• [YOUR GOAL]
Any picture in the data below gets skipped; print all the rest exactly.

=== DATASET EXCERPT ===

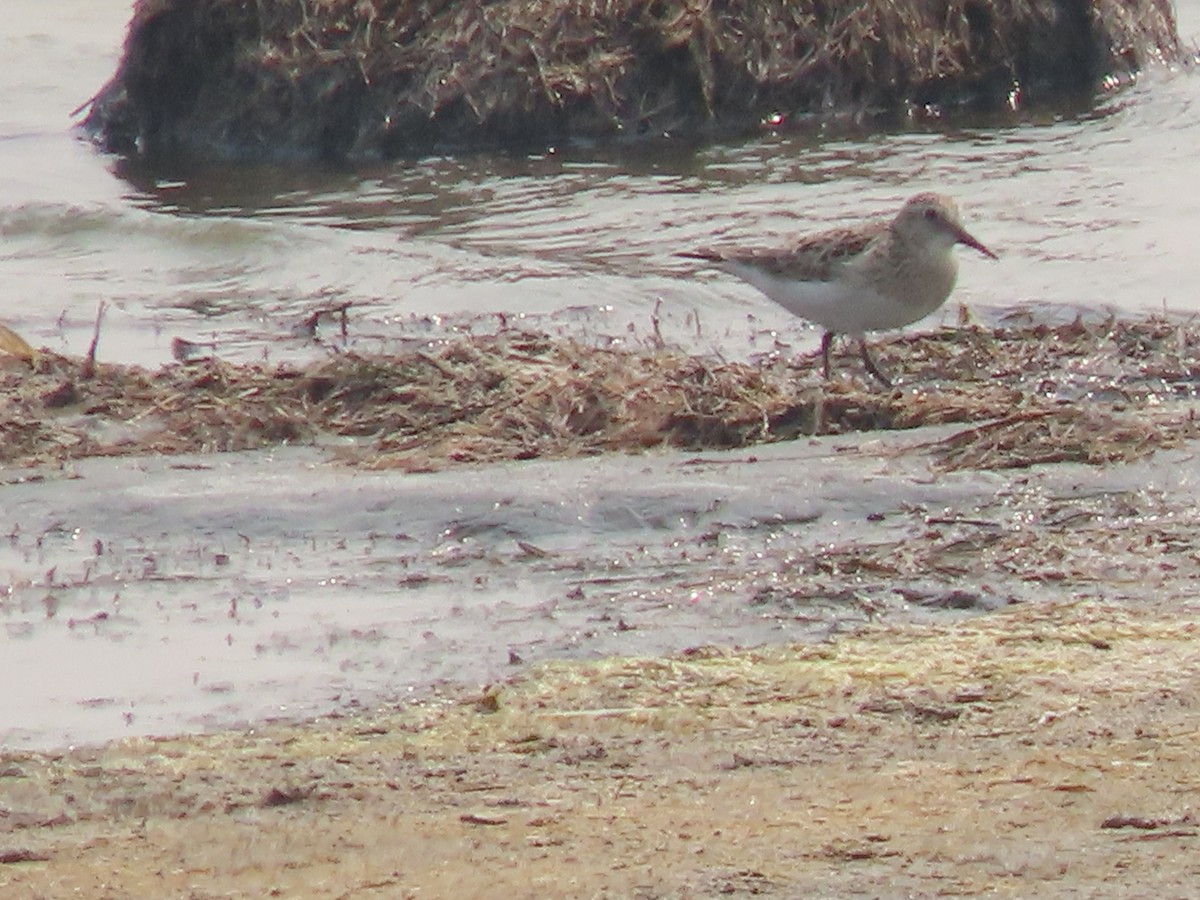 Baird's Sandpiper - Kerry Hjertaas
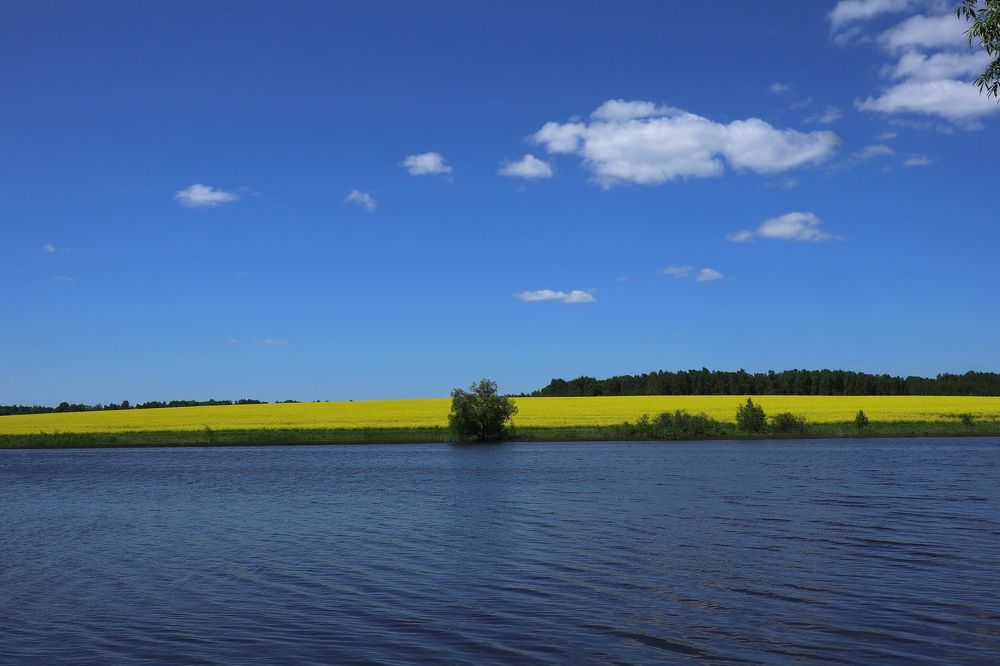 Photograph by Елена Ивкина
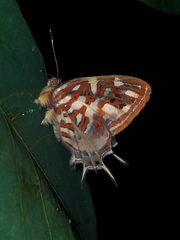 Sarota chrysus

===

• [WRITTEN RESPONSE]
 Baird's Sandpiper - Kerry Hjertaas
 Photograph by Елена Ивкина
 Sarota chrysus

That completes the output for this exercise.